Somewhere along the way, we took to leaving the front porch light on all night. It was my wife’s idea, and I figured she had her reasons, probably explained at some moment when I was paying insufficient attention. But the other day I got to thinking about it, and asked what the idea was.
She said she didn’t know. Her original thought involved putting up an American flag on our front column, with the porch light illuminating it. Trouble was, the flag wouldn’t stay up. So it went into storage … but the light stayed on.
It’s a welcoming enough beacon, coming home late from trotting the dog ‘round the block, or returning from some cross-town activity. The other night, strolling up the walk, I was reminded of something I heard in a devotional presentation several years ago.
It’s late at night, the speaker suggested, and you think of something you left out in the car, or maybe step out to see what's making that noise, or how big the moon is tonight.
A funny thing, when you open the door: darkness doesn’t flood your house. Shadows don’t invade and blacken the room while the door is open. Instead, light from inside pours out into the dark. For as long as the door is open and the house lights are on, the brightness pierces the black.
A few nights later, I happened on a Star Wars film festival – tuning in, it turned out, on one of the films I hadn’t seen, in time to catch a line I hadn’t heard before. A line that pierced a little darkness of my own.
One of the lesser characters in the great galactic melee’ had just made a desperate move to save her friend from certain death – a move that, unfortunately, left leeway for the bad guys to proceed with their evil plans. The young woman was unapologetic – and hope still glowed in her eyes.
“That’s how we’re going to win,” she told her friend, even as he simmered in frustration. “Not by fighting what we hate. By saving what we love.”
It’s so much easier to hate. And a lot of Americans, right now, to judge by the evening news, are fully up for the easy way. Turn on the radio, or the cable broadcast – or just eavesdrop on the next table over in the restaurant. Revel in the rage. Feed on the fury.
Some days, truth be told, it takes all ‘ve got not to wade out into the deepening enmity. Trouble is, as Yoda warned us, “Hate leads to the dark side.” And it’s getting so very dark out there.

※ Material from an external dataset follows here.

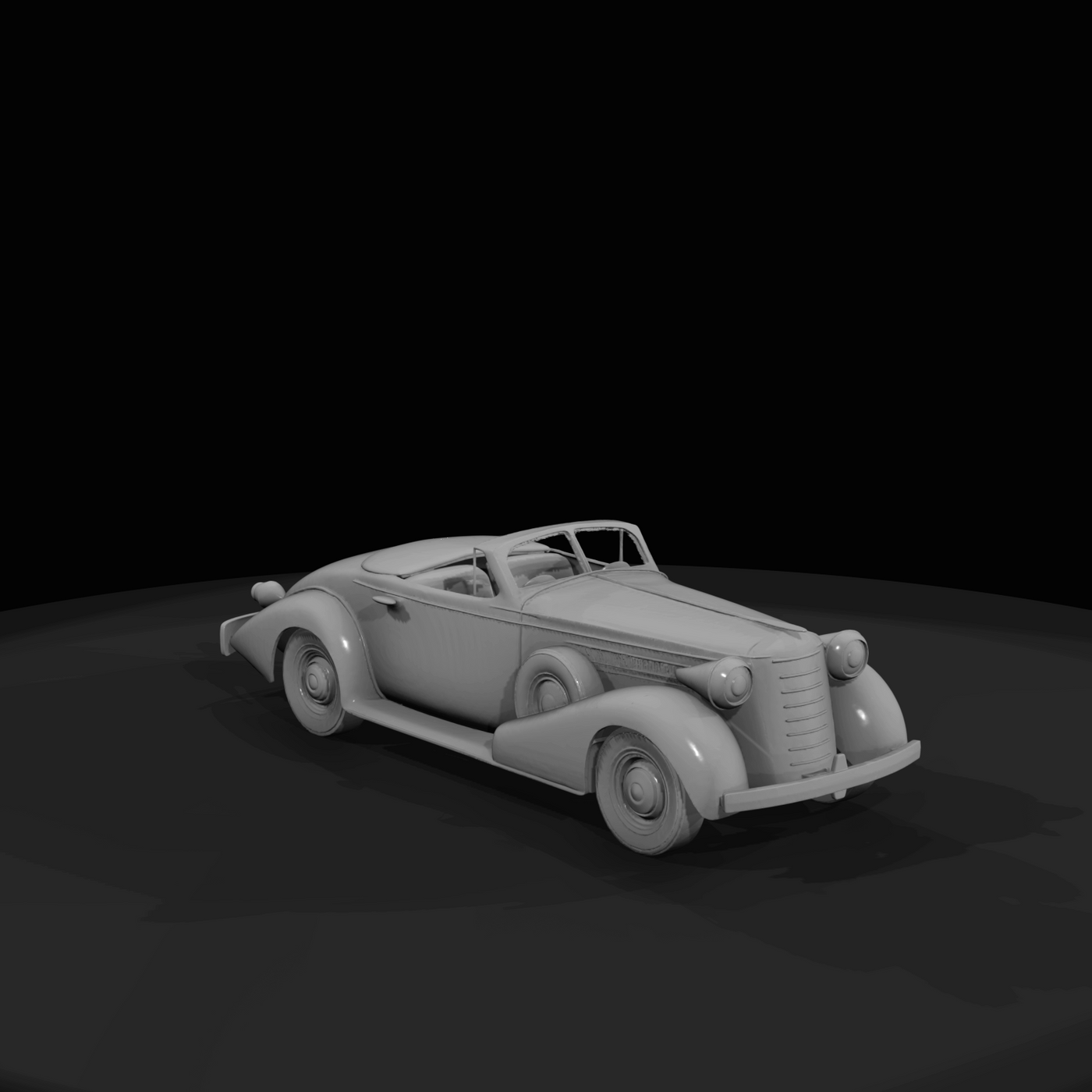 Screenshot 2025-10-13 011426 makestl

All of us know it. But two recent quotes I heard capture the zeitgeist especially well:
- Sarah Smith, North American editor for BBC News, in the wake of last month’s Supreme Court decision overturning Roe v. Wade: “America today feels like one country that contains two very separate nations, inhabited by two tribes that have completely different values, beliefs and goals. Now, they have just moved farther apart.”
- Carl Trueman, Christian theologian: “The era when Christians could disagree with the broader convictions of the secular world and yet still find themselves respected as decent members of society at large is coming to an end, if indeed it has not ended already. Many of us are … now living as strangers in a strange new world.”
Indeed, we are. Unless we’re willing to forfeit our faith to fit in. As Cleveland pastor Alistair Begg points out, serious Christians are increasingly in a no-win situation. The Bible won’t let us attack our enemies with their own weapons, and it won’t let us accommodate them with the words of submission they long to hear. What does that leave?
“Saving what we love.”
The best argument for traditional marriage is not a placard or a bumper sticker. It’s the way we love our spouses. The best contradiction to abortion is the genuine pleasure we take in our children. The best defense of our nation is our enthusiastic exercise of its freedoms and responsibilities. The best case for Christ is the extraordinarily abundant life He gives us to live before those all around us: the joy and peace, the purity and priorities, the love and the laughter.
“This is the will of God,” the Apostle Peter writes, “that by doing good you should put to silence the ignorance of foolish people. Live as people who are free, not using your freedom as a cover-up for evil, but living as servants of God. Honor everyone. Love the brotherhood. Fear God. Honor the emperor.”
Wish I knew how to keep our flag flying, as high and proud as it ought to fly. Working on that. So many good, decent, and mostly anonymous people are working very hard on that. God bless their brave efforts, and the country they love.
Meanwhile, we leave a light on. It pierces more darkness than you’d think.